● **The problem**
The response should consist of every line below, restated exactly, with no pictures.

Records for this task below:

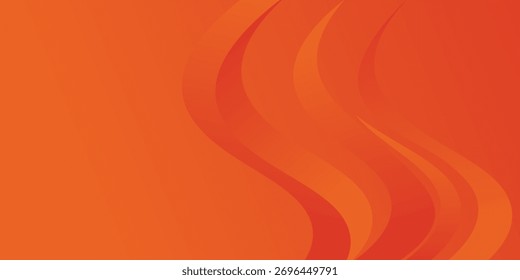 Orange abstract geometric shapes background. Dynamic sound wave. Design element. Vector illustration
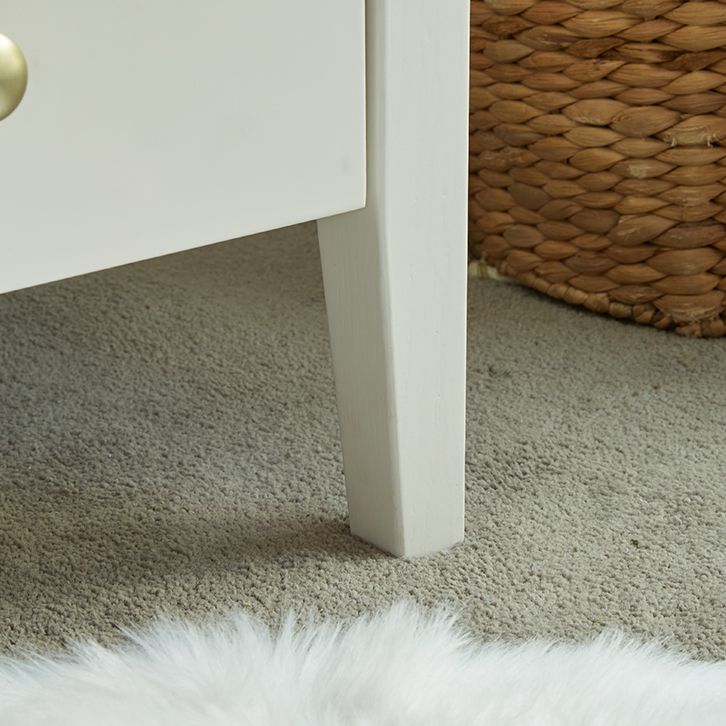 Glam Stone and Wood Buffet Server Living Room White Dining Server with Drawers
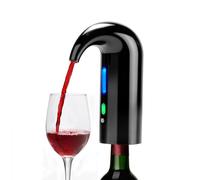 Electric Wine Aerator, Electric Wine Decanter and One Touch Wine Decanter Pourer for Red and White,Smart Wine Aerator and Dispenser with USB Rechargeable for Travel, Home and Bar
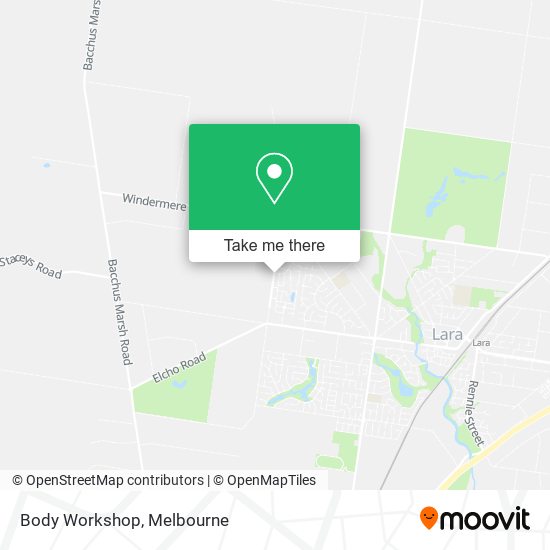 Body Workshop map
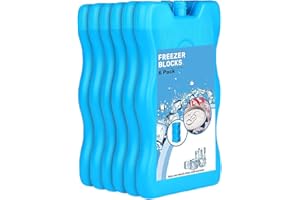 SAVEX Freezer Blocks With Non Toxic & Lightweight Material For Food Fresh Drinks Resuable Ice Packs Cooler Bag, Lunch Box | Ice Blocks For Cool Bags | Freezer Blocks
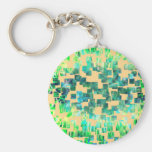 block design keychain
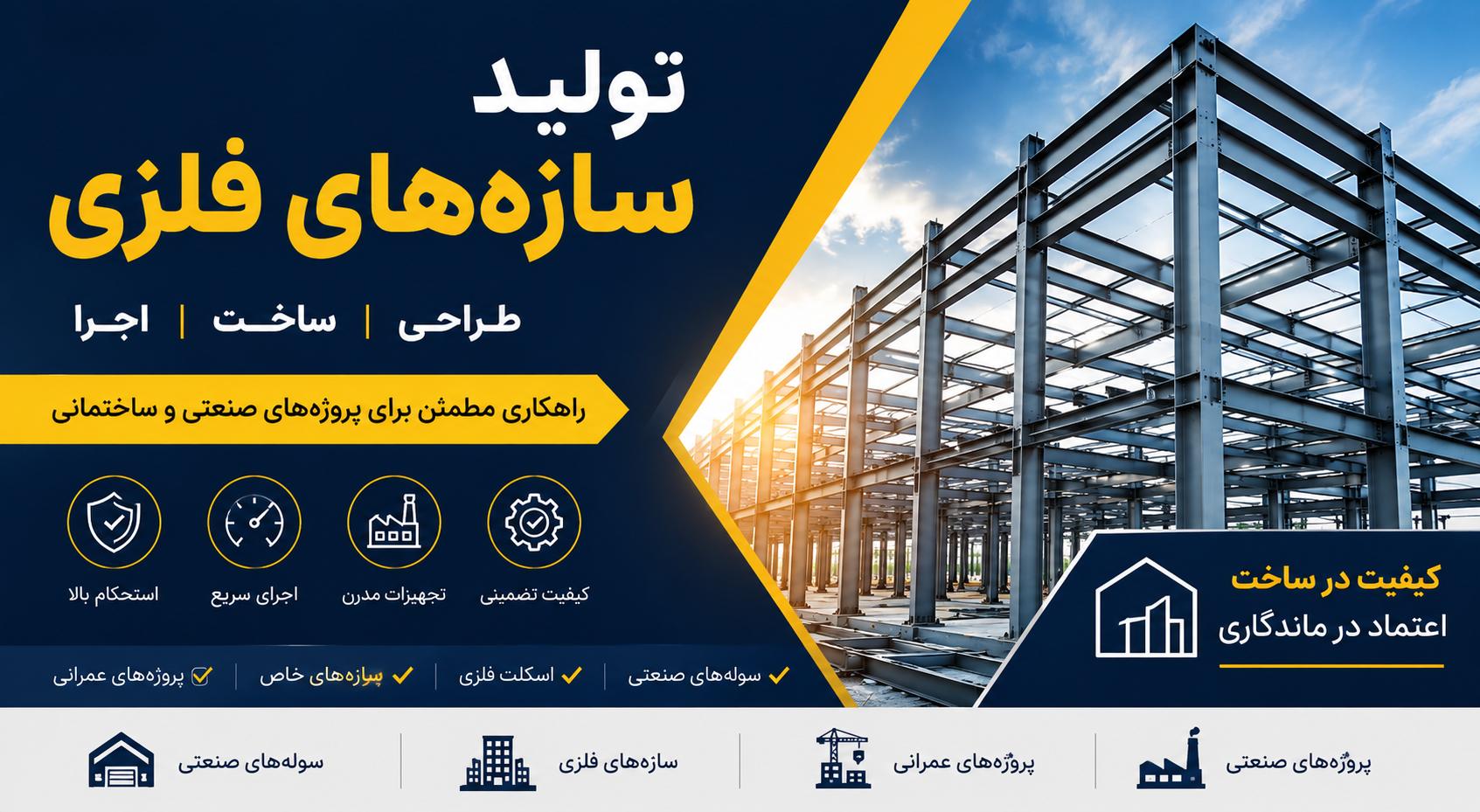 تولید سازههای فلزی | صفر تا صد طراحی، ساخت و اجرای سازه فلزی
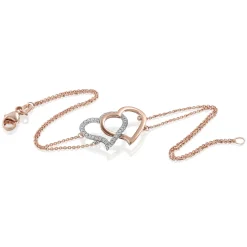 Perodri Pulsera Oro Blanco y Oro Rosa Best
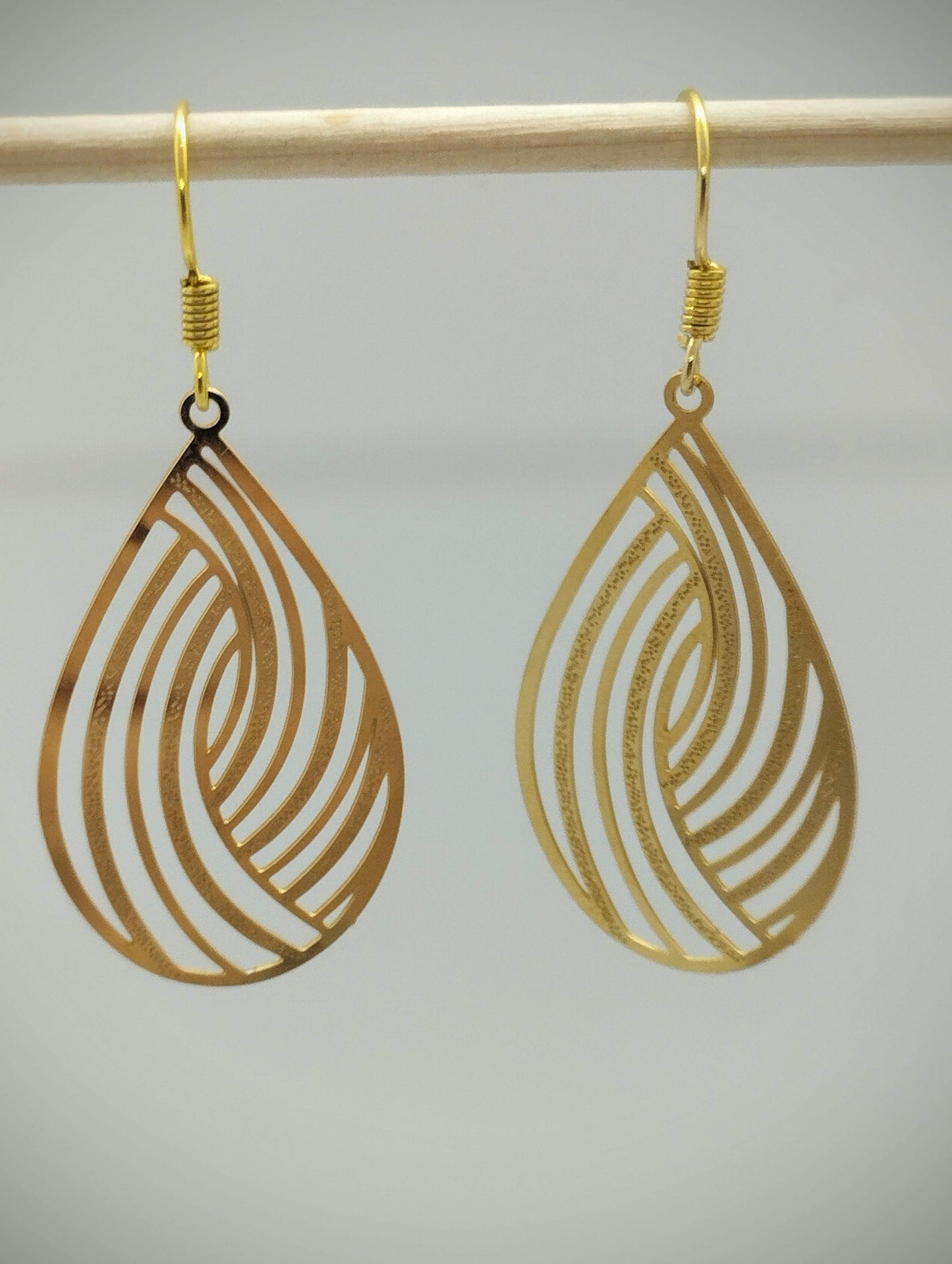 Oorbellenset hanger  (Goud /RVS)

End of Records for this task.

● **Your response**
 Orange abstract geometric shapes background. Dynamic sound wave. Design element. Vector illustration
 Glam Stone and Wood Buffet Server Living Room White Dining Server with Drawers
 Electric Wine Aerator, Electric Wine Decanter and One Touch Wine Decanter Pourer for Red and White,Smart Wine Aerator and Dispenser with USB Rechargeable for Travel, Home and Bar
 Body Workshop map
 SAVEX Freezer Blocks With Non Toxic & Lightweight Material For Food Fresh Drinks Resuable Ice Packs Cooler Bag, Lunch Box | Ice Blocks For Cool Bags | Freezer Blocks
 block design keychain
 تولید سازههای فلزی | صفر تا صد طراحی، ساخت و اجرای سازه فلزی
 Perodri Pulsera Oro Blanco y Oro Rosa Best
 Oorbellenset hanger  (Goud /RVS)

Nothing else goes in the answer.